Matt Bowes Saves an Amstrad ALT-286 From the Scrapheap, Turns It Into a Beast of a Sleeper Build
Say goodbye to the original Intel 80286 processor: this luggable now features a gaming-ready AMD Ryzen 9 8945HS.
Matt Bowes has turned lemons into lemonade, after being unable to repair a faulty Amstrad ALT-286 laptop manufactured back in 1990 — turning it into a luggable sleeper build with considerably more power under the hood than Amstrad could have ever imagined.
"A while ago I made a video where I tried to repair this the Amstrad ALT-286," Bowes explains by way of background, "and in that video we didn't quite get to the resolution that I had in mind. So yes, I've gone ahead and created myself an awesome little retro sleeper [build] using this amazing Amstrad laptop. And why wouldn't you? The design of this thing just screams '80s cyberdeck."
The design might date back to the very late 1980s, but the Amstrad ALT-286 hit the market at the turn of the decade in 1990 — launching with an Intel 80286 processor, up to 4MB of memory, a 720kB floppy drive and 60MB hard disk, and a 640×480 monochrome LCD. Like many portables of the era, though, the hardware wasn't designed to last for quite this long, and it's no surprise to find that Bowes' grey luggable had computed its last.

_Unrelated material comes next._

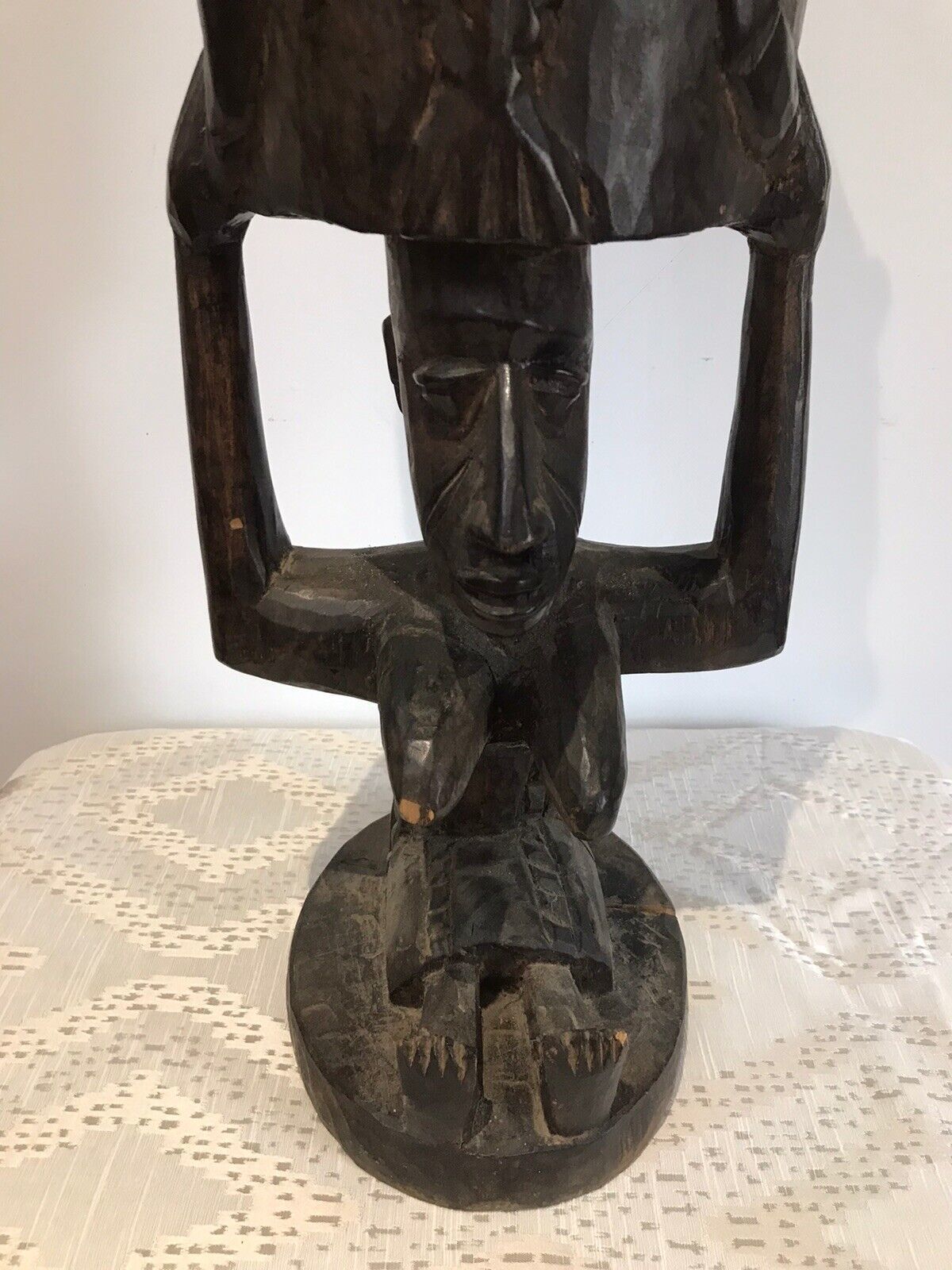 Rare Antique Carved Wood Drum Of African Tribal Woman With Tripod Table Stand photo Home Decor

Rather than scrap the whole thing, Bowes decided to gut its faulty internals and repurpose as much of the chassis as possible to put together a sleeper build with considerably improved specifications courtesy of a MINISFORUM UM890 Pro compact computer. This provides an AMD Ryzen 9 8945HS CPU, many orders of magnitude more powerful than the faulty motherboard's 80286. The monochrome display is replaced with a modern color model, chosen to fit behind the original bezel and held in place with 3D-printed brackets.
The laptop's original keyboard was based around IBM's AT standard, which is easily adapted to a slightly more modern PS/2 — then from PS/2 to the ubiquitous USB. The mini-PC lives in what was originally the battery and expansion bay, fitted with 32GB of DDR5 memory and 1TB of NVMe storage. Finally, some modern ports are added — and the laptop's original serial and parallel ports converted to connect to dongles that adapt them to a pair of gigabit Ethernet connections. The only missing feature: the ability to run on battery power.
The project is documented in full in the video embedded above and on Bowes' YouTube channel; STL files for the 3D-printed parts have been uploaded to Dropbox under an unspecified license.